Y ha llegado el momento de la partida final para él. Va a someter a su país a una tensión sin precedentes desde las revueltas de los años 60. El fraude en los recuentos es una vieja historia –el gobernador de Illinois en la serie The Good Wife acaba en la cárcel por manipular las maquinitas que cuentan los sufragios; en las elecciones de Bush Jr también lo comprobamos en Florida–, pero no puede basarse en burdas leyendas contra los votos por correo.

Se pone a prueba, una vez más, la capacidad de la democracia de responder a un enorme desafío, y lo hace en el país que ha marcado el ritmo de los demás en las últimas décadas. Es algo, pues, que nos concierne. En Europa son muchos los autarcas que miran a Trump como su espejo ideológico inducidos por las payasadas políticas de su exasesor Steve Bannon. Pero son los chinos los que observan perplejos hacia el modelo americano, al que le discuten la supremacía comercial y tecnológica. A ellos también les gustaría poner a remojo el sistema democrático occidental.
La película, en cualquier caso, promete un intenso suspense.
***
Creo que en Las Vegas siguen contando y en Georgia tienen que revisar todas las papeletas de nuevo; Georgia, resonando en la mente de Ray Charles, quien la soñaba en paz algún día…, entre la Coca Cola y la CNN. América está partida en dos, nos dicen los analistas, pero siempre lo ha estado, desde su nacimiento, precisamente por las condiciones de su génesis y la gran extensión de su territorio y la variedad de su población.

Es improbable que Donald Trump aguante mucho más.

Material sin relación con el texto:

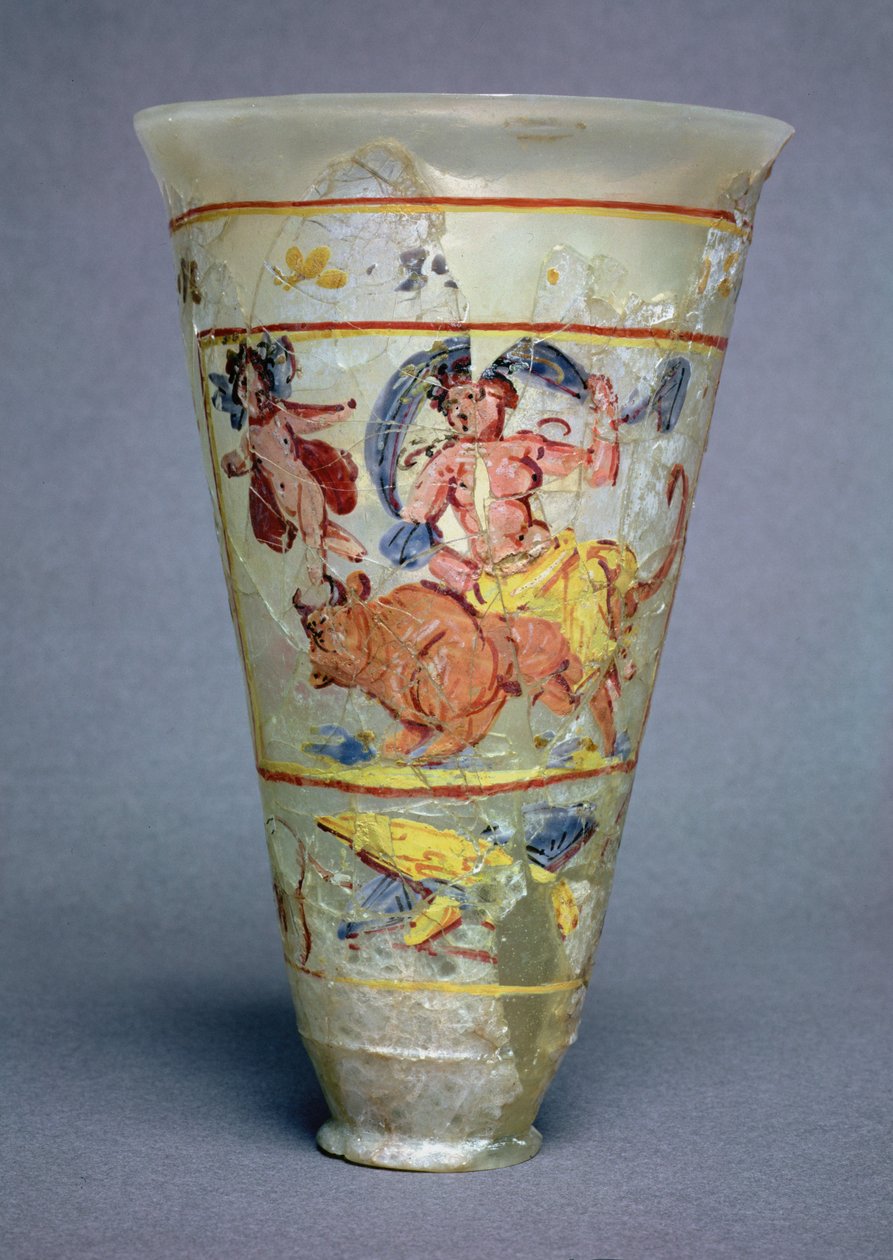 ローマ時代のエウロパと牡牛を描いた彩色装飾付き花瓶（ガラス製）（98005も参照 作： 不明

Lo es, incluso, que el trumpismo, con más de 70 millones de votos, le sobreviva, con o sin sus hijos. Lo que sí ha quedado revelado es la naturaleza sobre la que se construye el populismo que surge a partir de sociedades abiertas y democráticas.
Mientras los movimientos revolucionarios de izquierdas nacen del abuso tiránico del poder, al modo sacrificial como se desarrolló el cristianismo en la antigua Roma, el populismo presenta otra cara, tiene lugar como una excrecencia, una especie de hongo que crece y se consigue expresar aprovechando las libertades democráticas.
Son los antidemócratas, los que no creen en el sistema, los que se aprovechan del mismo para movilizar a aquellos que van quedando atrás y reagruparlos. El caso de Trump es más que significativo: un millonario desalmado y sin ética, que se pasea con una cimbreante modelo femenina para convertirse en el portavoz del desasosiego de todos los incorrectos: racistas, supremacistas, machistas, violentos, individualistas…
En la otra cara de la moneda hay un mundo abierto que, sin embargo, registra preceptos moralizadores que resultan sofocantes en más de un caso. Lo vimos en el affaire de Woody Allen, en el #Metoo, en las relecturas descontextualizadas de Cristóbal Colón o Junípero Serra y otras muchas figuras históricas… Son las letras escarlatas de una antropología vigilante de la modernidad.